Many games start with amnesiac heroes, but ones who come back to life in the morgue are a little rarer. Many games start with amnesiac heroes, but ones who come back to life in the morgue are a little rarer, at least on SNES.

   While many aspects of the 16-bit Shadowrun games are very dissimilar, their system of karmic progression is almost identical. The karma Jake slowly gains from killing his enemies (misnomer though the term may be) is used to increase statistics at the player's discretion. Many important gameplay aspects such as the equipment Jake can wear, the number of magic and hit points he possesses, and the length of time fellow Shadowrunners will stay with him are governed by the distribution of his karmic rewards. Maxing out everything will require a fair amount of time spent grinding, so wise decisions will be essential.

   Companion Shadowrunners can be found throughout the game, and Jake can hire up to three of them concurrently for assistance. The utility of most is limited by their unalterable statistics, the cumbersome need to use the cursor for accessing their inventories, an inability to switch control to another character, and the inexplicable failure of magic users to cast spells until ordered to by the player. Having help along can still prove useful in tight situations, but if Jake ever falls in battle the game is over no matter what his allies' condition.

   Jake dying would be less of an issue if the game had more than three save points, but since it does the difficulty is often unbalanced. Sometimes enemies will get lucky and rip Jake apart quickly, forcing a reload of the last save. Equipment has a big effect on enemy difficulty, with higher defense usually making every attack miss, but its availability is strictly determined by the point in the narrative that has been reached. This linearity crimps the replay value by making it difficult to miss anything.

Behind that fence lurk a lot of ghouls that refuse to stay dead without a helping pistol. Behind that fence lurk a lot of ghouls that refuse to stay dead without a helping pistol.

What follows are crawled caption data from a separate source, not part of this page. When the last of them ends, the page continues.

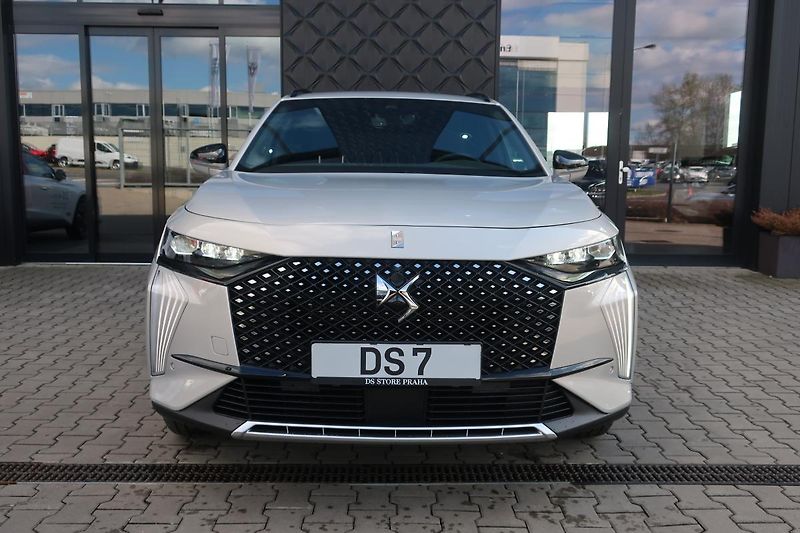 DS Automobiles DS7 (2025) EDITION FRANCE PLUG-IN HYBRID - fotka 2 z 15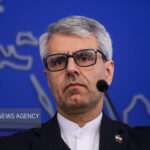 بقایی قهرمانی تیم ملی کشتی فرنگی را تبریک گفت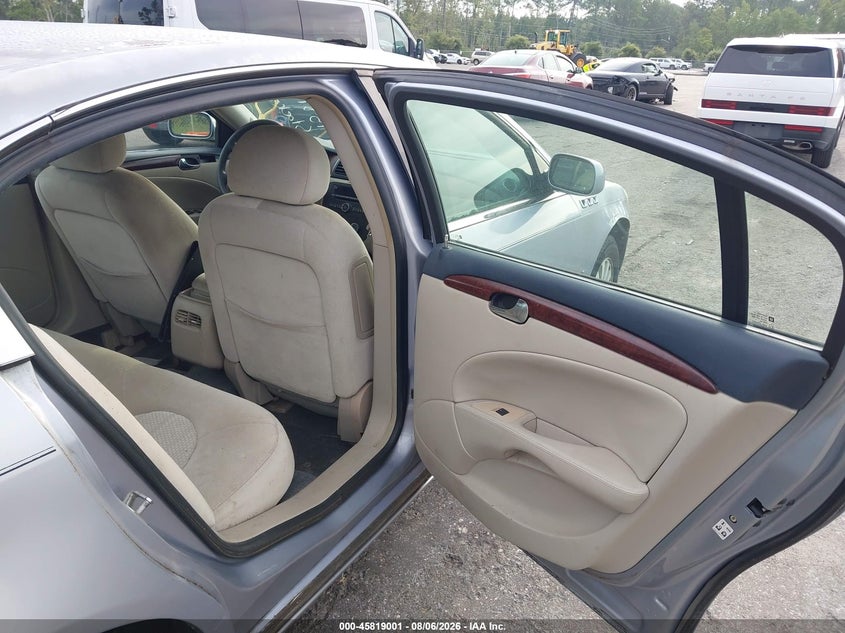 2006 Buick Lucerne VIN 1G4HP57206U162078 IAAI salvage auction — LEFT FRONT, Rebuildable (Florida), sold $300 on 2026-08-23 (photo 8)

   Progression in Shadowrun is made challenging not always because of the difficulty, but because of very specific requirements. A keyword system exists in which NPCs supply various terms that Jake can bring up in conversation with all of the other people in the game, and barring good luck or good guesses, coming up with the right keyword to progress can take a while. Simply blazing through the game could take a dozen hours, but will take much longer without the use of a FAQ to learn the proper places for keywords and items.

   Shadowrun's audio is not the best on the Super Nintendo, but it does the job well enough. The game doesn't have many music tracks, but those it does have are catchy enough to be worth hearing, while the sound effects are pretty good for 1993. Its visuals do not match this level of moderate success. The sprites are small and do not show much animation, while very little of the graphical details in the game impress on any level, even for the time it was made.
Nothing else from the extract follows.